From the listing below, copy only the lines running from the line that contains "Building Photo - 300 Biscayne Blvd Way" to the line that contains "Presentationsfoto 1 av", both included.

* _RECORDS PROVIDED_:

========

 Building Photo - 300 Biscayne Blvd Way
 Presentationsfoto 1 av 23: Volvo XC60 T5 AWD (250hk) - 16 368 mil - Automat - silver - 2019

========

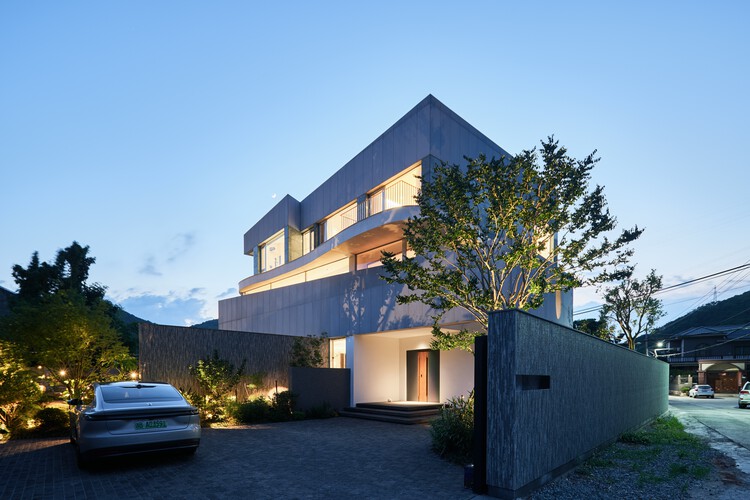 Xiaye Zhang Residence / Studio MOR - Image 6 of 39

========

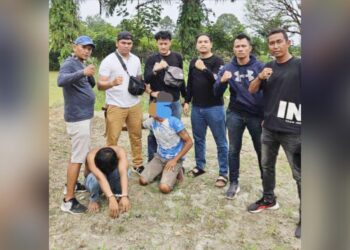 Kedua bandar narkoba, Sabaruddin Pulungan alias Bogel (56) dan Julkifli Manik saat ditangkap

========

* _SOLUTION BELOW_:
 Building Photo - 300 Biscayne Blvd Way
 Presentationsfoto 1 av 23: Volvo XC60 T5 AWD (250hk) - 16 368 mil - Automat - silver - 2019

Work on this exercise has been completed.